When the user clicks the screen in a particular place when the program is in a particular state (e.g., over a button displayed in a dialog box), then execute an operation.
When an HTTP request arrives, then read the body, process it, and return an HTTP response with the results
When a sensor triggers an interrupt, then change a GUI readout from red to green
When the system sends a shutdown message, then close and flush all logs

Questions to consider

How do we choose a programming language? You’re not just choosing a programming language, you’re also implicitly deciding which subset of language features to use. This is predicated, of course, on knowing about these features. It’s best to inform yourself about what your language/libraries/runtime (let’s call it a software-development tool) can do for you—or find someone who is well-informed to help.

For each feature, you should ask yourself: how useful is it? Does it help me achieve my task?

Let’s take a look at high-level features of a software-development tool that may be important.

Maintainability

By whom? What level of programmer?
How much will a certain part need to change?

Comprehensibility

By whom? What level of programmer?
Are you applying the “rule of least power”? That is, are you using the simplest, most effective tool in your arsenal? To know this, you have to expand your arsenal … and then use it judiciously
Low syntax noise

Discoverability

Can you use the IDE and code-completion to learn the API?
How much documentation do you need?
How much on-boarding would a new developer need?
How easy would it be to hand off to another person or team?

Learnability

Even if not especially discoverable, how learnable is the code?
Are the patterns consistent?
Is the API clear?

Strictness / Correctness

Error-free is strongly encouraged or enforced

Complexity

Inherent vs. Accidental

Idiomatic

Is it written in a way that other programmers of this language or framework can easily understand?

Testability

Can you write semantically useful tests?
Is it easier to write a test than to debug?

Debuggability

Can your debugger set a breakpoint on all of the important bits?
Can you even debug it?
Is there too much magic?
Is there so much generalization that you can’t figure out what’s going on?

Observability

Is there sufficient logging to figure out what’s going on without debugging? (This is important once the product is in the field.)
What about error-handling? Are problems separated from errors?[1]
Can the developer predict what’s happening and measure it?
How’s your telemetry?
Could the software be monitored if needed?

Performance

Does it need to be fast?
All of it? Or just parts?

For code designed to be reusable (libraries, frameworks), you can also consider:

Completeness: degree to which the definition/API captures all facets of the problem domain
Expressiveness: Concise and precise
Flexibility: Applicability to different problem domains

Which of the features above matters more depends on what you’re building. A one-off script doesn’t need to satisfy many of these features. A full-blown application that needs to be maintained for 10-20 years by different teams has to be much, much more careful.

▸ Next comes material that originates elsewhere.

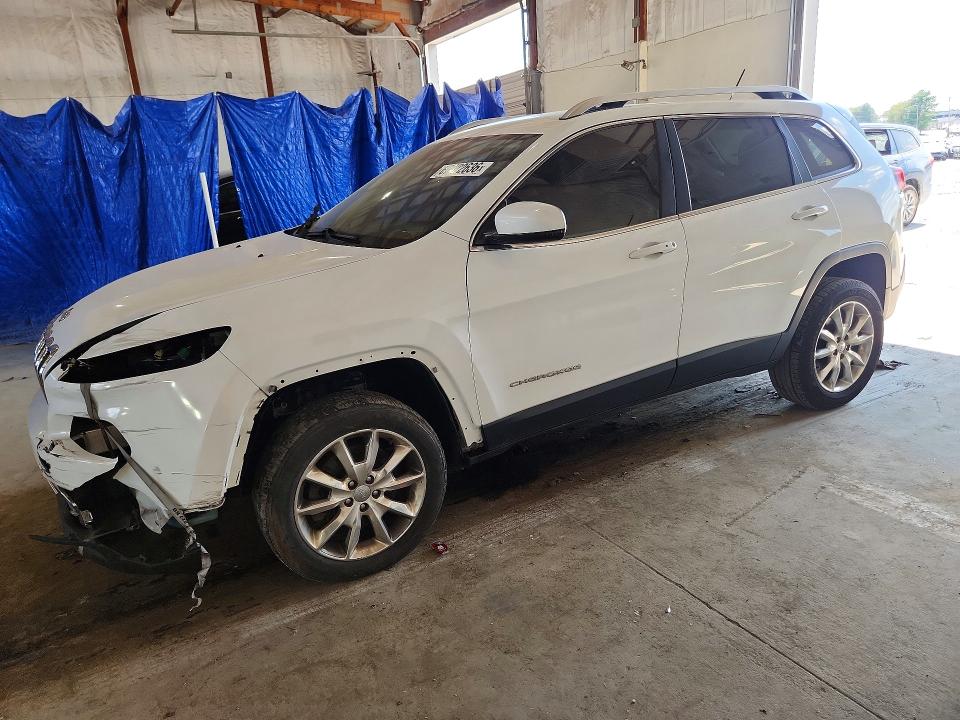 67422636 :رقم المزاد ، 1C4PJMDS9FW556487 vin ، 2015 Jeep Cherokee مزاد بيع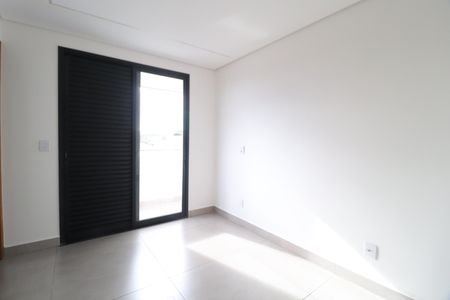 Apartamento para alugar com 68m², 2 quartos e 2 vagasQuarto 2 - Suíte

Encodo White papers archive

These white papers were written from 2006 to 2019 when I was still employed at Encodo Systems AG. They expand on recommended practices of specific facets of software development. They are presented in reverse-chronological order, but can be read in any order.

DI, IOC and Containers (2019)
Clean and Safe Code (2019)
Testing as First-Class Citizen (2019)
Code Reviews (2017)
Document Everything (2017)
Continuous Integration and Delivery (2017)
Component-based Design (2006)
Design by Contract (2006)
Test-driven Development (2006)

Videos

This is a YouTube playlist I’ve maintained for years that I continuously update whenever I watch a video that I think would be interesting for other developers. It’s only technology videos, but it’s pretty eclectic (i.e., it’s language- and technology-agnostic).

Developer suggestions (YouTube)

Conclusion

Pace yourself. You can’t have everything all at once. Programming takes wisdom. Wisdom takes time. It takes practice. It comes, or it doesn’t. It takes different forms.

As Rainer Maria Rilke wrote in 1903 [2],

“Forschen Sie jetzt nicht nach den Antworten, die Ihnen nicht gegeben werden können, weil Sie sie nicht leben könnten. Und es handelt sich darum, alles zu leben. Leben Sie jetzt die Fragen. Vielleicht leben Sie dann allmählich, ohne es zu merken, eines fernen Tages in die Antwort hinein.”

Good luck.

[1] See The Error Model by Joe Duffy.↩

[2] h/t to Ömer for making me aware of this great piece of writing.↩